Furthermore, research found that over-50s said they expect to reach their peak earnings during their lifetime at the age of 51 on average, lasting 5 ½ years. As a result of this Aviva’s analysis has suggested that if a saver puts away an additional £100 per month into their pension for the full period of peak earnings from age 51, this could translate to a £25,000 boost to their pension pot at retirement.

While a third, 34 per cent of older workers save more during this peak period, 21 per cent said they would spend it on big one-off purchases and 20 per cent have or would spend more of their income on everyday living and enjoying themselves. Only 12 per cent said they have or would increase contributions to a workplace pension during this time, with 14 per cent expecting to retire in the next two years saying they would increase their contributions.

A further 13 per cent of over 50s said they would seek professional advice via a financial adviser during their peak earnings period and 12 per cent would start a private pension.

However, the report highlights that as short-term pressures take precedence for older workers, almost a quarter, 22 per cent or 2.2 million workers say they are yet to take pension saving seriously. Over two in five, 41 per cent, of this age group have not calculated how much they will need in retirement and 42 per cent have not considered how much should be saved to afford a comfortable retirement.

Immediate pressures distracting over-50s from long-term saving include: the cost of living as a result of higher inflation levels, 33 per cent, the need to pay off a mortgage before retirement, 39 per cent and having financially dependent children, 18 per cent.

Moreover, of those close to retirement, 58 per cent had not upped their pension savings in the run up to retirement, including 57 per cent of those aged 60 to 64. In contrast, Aviva added: “Based on the experience of older workers, those who have taken action to prepare for retirement tend to do so in their late thirties and forties, with pension saving being taken seriously from the age of 39 on average.”

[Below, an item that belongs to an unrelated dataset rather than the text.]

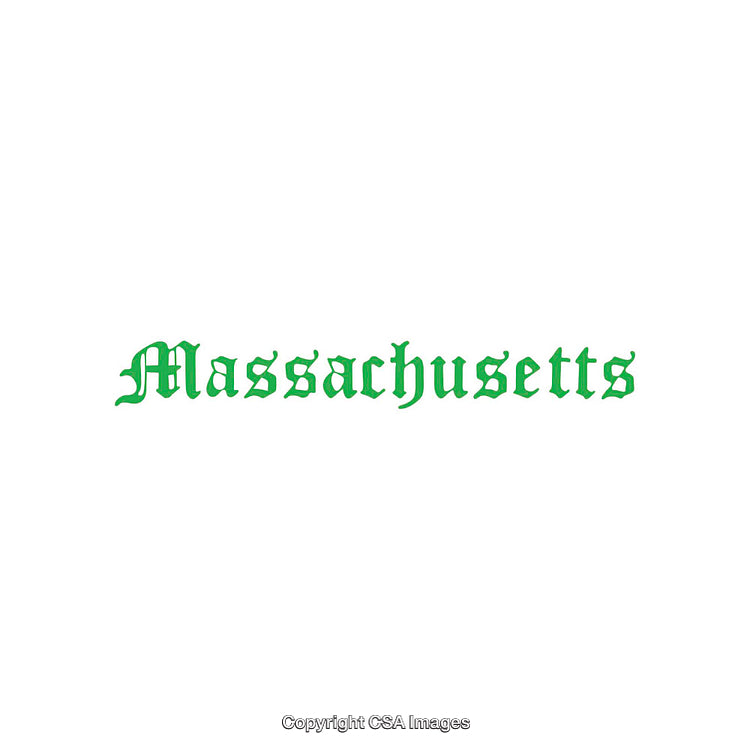 Massachusetts Text in Green on White Background, Ornate Calligraphy Format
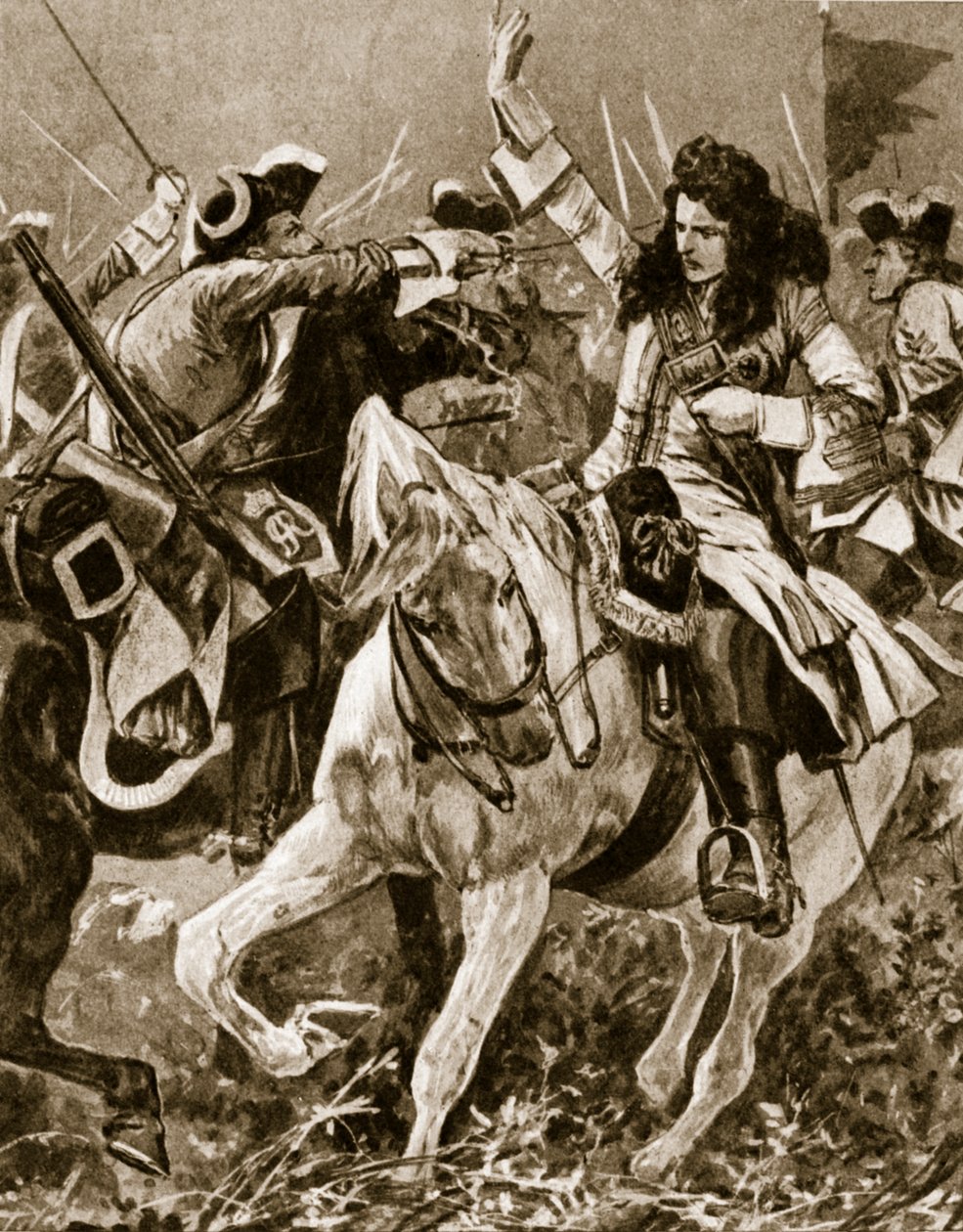 Bataille de Malplaquet, 11 septembre 1709 : Chevalier St. George blessé pendant la guerre de Succession d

Aviva managing director, savings and retirement Lindsey Rix said: “As everyday financial pressures take their toll on older workers, many are postponing retirement planning and are instead relying on factors other than savings – many of which are outside of their control – to afford a comfortable retirement. Even those options that might seem guaranteed, such as making a profit from selling a home, could pose a challenge should economic or market conditions change.

“Wherever possible, retirement saving shouldn’t be left to chance. Although older workers have multiple demands on their income, taking time to understand what needs to be saved in order to afford a good standard of living in retirement and putting more away each month – no matter how small the increase – can make a big difference.”